▸ **Work instructions**:
From the data, return each line holding the word "Open".

Short descriptive text snippets
───

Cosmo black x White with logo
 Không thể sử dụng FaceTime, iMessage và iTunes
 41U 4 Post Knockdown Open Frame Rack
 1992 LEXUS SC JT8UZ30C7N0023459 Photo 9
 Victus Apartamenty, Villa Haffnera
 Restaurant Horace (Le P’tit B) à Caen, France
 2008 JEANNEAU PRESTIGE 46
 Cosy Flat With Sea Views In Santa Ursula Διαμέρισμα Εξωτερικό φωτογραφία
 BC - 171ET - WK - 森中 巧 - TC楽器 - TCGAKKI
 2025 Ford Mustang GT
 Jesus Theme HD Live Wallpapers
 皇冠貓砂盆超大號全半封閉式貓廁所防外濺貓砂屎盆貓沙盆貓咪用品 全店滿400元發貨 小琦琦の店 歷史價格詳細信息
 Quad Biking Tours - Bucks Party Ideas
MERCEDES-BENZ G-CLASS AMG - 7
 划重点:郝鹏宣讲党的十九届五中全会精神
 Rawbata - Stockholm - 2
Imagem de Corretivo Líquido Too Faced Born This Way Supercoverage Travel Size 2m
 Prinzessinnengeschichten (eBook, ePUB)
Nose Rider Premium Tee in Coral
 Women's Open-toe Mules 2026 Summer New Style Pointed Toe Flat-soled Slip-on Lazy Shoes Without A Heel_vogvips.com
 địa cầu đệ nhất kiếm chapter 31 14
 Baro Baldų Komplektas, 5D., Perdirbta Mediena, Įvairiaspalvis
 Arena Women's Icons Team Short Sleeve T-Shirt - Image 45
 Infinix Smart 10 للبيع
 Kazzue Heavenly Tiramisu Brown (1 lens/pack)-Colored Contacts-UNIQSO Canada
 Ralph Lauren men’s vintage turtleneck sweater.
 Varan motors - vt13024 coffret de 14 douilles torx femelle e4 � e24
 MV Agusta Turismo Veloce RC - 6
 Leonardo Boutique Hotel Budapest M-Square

───

▸ **Task answer**:
 41U 4 Post Knockdown Open Frame Rack
 Women's Open-toe Mules 2026 Summer New Style Pointed Toe Flat-soled Slip-on Lazy Shoes Without A Heel_vogvips.com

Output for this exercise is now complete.